1. Heard Mr. Challa Gunaranjan, learned counsel for the appellant-assessee and Mr. J.V.Prasad, learned Standing Counsel, Income Tax Department for the respondent-revenue.

2. This appeal under Section 260-A of the Income Tax Act, 1961 (briefly ‘the Act’ hereinafter) has been preferred by the assessee against the order dated 30.12.2004 passed by the Income Tax Appellate Tribunal, Hyderabad Bench ‘A’, Hyderabad (Tribunal) in I.T.A.No.262/Hyd/1999 for the assessment year 1990-91.

3. On 29.08.2005, the appeal was admitted on the following five ‘questions of law’:

i. Whether change in method of computation of income would justify the conclusion that income escaped assessment u/s.147 of the Income Tax Act?

ii. Whether there is any change between the earlier provisions of Section 147 of Income Tax Act and the new provisions of that Section substituted with effect from 01.04.1989 in regard to the scope of words ‘reason to believe’ appearing in the section?

iii. Whether the Income Tax Appellate Tribunal is justified in law in disallowing the personnel, administrative and financial expenditure relating to the sub-contracts allowed in the original assessment?

iv. Whether the order of the Income Tax Appellate Tribunal is perverse insofar as it omitted to consider the relevant material viz., computation of profits in subcontract works?

v. Whether the order of Income Tax Appellate Tribunal is perverse also for the reason that it omitted to consider the relevant judicial decisions cited in regard to interpretation of Section 147 of the Income Tax Act?

4. Assessee had filed original return of income on 31.12.1990 declaring income of Rs.74,93,200.00. Assessment order was passed by the assessing officer on 30.03.1993 under Section 143(3) of the Act determining the income of the assessee at Rs.1,09,32,430.00.

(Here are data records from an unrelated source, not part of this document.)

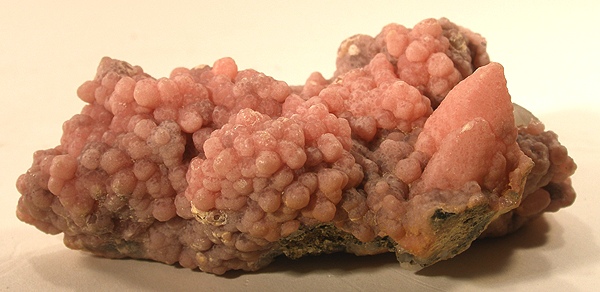 Pink botryoidal rhodochrosite specimen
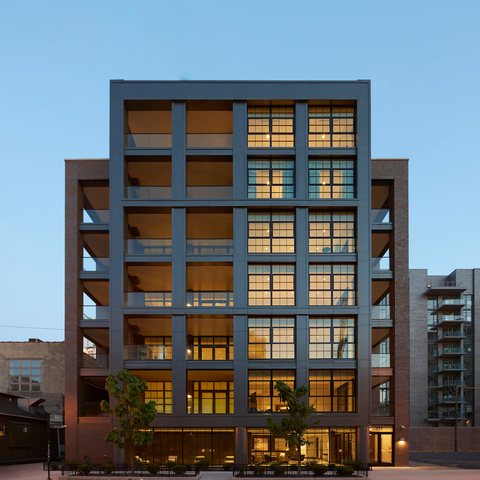 a view of a city room with windows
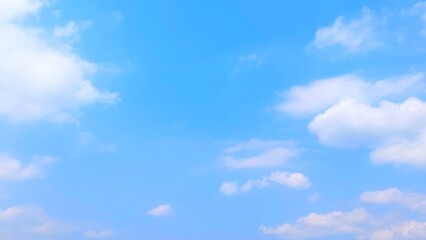 Clear blue sky and fluffy white clouds. Nature sky with soft clouds focus effect, peaceful nature background.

5. Subsequently, the aforesaid assessment was reopened under Section 147 of the Act by issue of notice dated 31.03.1997 under Section 148 of the Act.

6. During the reassessment proceedings, assessing officer noted that in the original assessment proceedings, he had not taken into account certain items of receipts, which should not have been treated as contract income being in the nature of other income not relatable to the contract income. Therefore, those receipts were added to the income of the assessee. Assessing officer further found that assessee had claimed investment allowance of Rs.45,62,227.00, which was allowed in the original assessment order. It was noticed that Supreme Court in CIT v. N.C.Buddha Raja (204 ITR 412) held that in the case of contractors, investment allowance could not be allowed since contractors cannot be construed to be engaged in the business of manufacturing or production of articles or things. Therefore, the investment allowance of Rs.45,62,227.00 earlier allowed was disallowed. Additionally, assessing officer made disallowance under Section 43B of the Act, depreciation on excavator and depreciation on trucks. Thereafter, vide the assessment order dated 31.03.1997 passed under Section 143(3) read with Section 148(sic) of the Act, assessing officer computed the total income of the assessee at Rs.2,16,89,170.00. However, after adjustment of the refund for earlier assessment years, the amount payable by the assessee was quantified at Rs.95,690.00.

7. Against the aforesaid order of assessment, assessee preferred appeal before the Commissioner of Income Tax (Appeals). By the appellate order dated 12.01.1999, the appeal was partly allowed. While granting certain relief to the assessee, first appellate authority however, held that once the assessment is reopened, it is open to the assessing officer to even re-evaluate the material available on record and redetermine the income accordingly.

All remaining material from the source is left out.